__Record excerpts__.
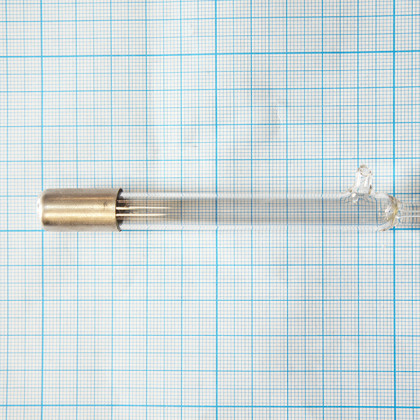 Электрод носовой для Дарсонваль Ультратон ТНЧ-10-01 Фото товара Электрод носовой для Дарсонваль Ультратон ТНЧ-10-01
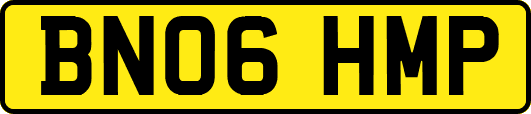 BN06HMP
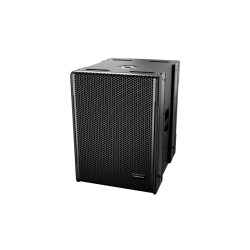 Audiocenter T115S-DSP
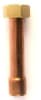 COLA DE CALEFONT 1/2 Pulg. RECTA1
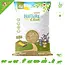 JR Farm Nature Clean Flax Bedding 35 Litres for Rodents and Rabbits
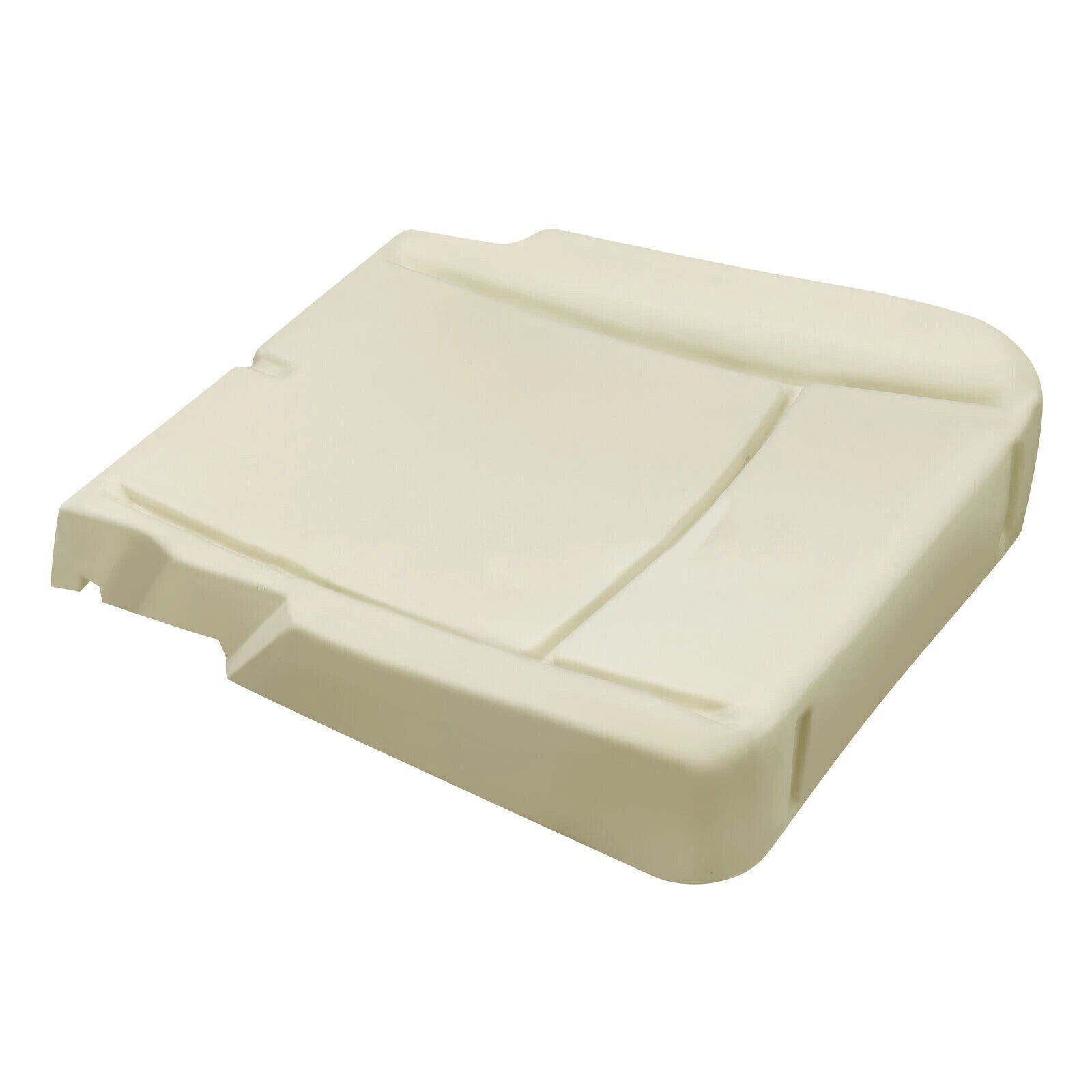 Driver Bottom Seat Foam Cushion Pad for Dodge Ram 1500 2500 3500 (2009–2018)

__Work instructions__. Pictures are not part of the copy. Reproduce the lines from the one with "JR Farm Nature" through the end of the listing above.

__Your response__.
 JR Farm Nature Clean Flax Bedding 35 Litres for Rodents and Rabbits
 Driver Bottom Seat Foam Cushion Pad for Dodge Ram 1500 2500 3500 (2009–2018)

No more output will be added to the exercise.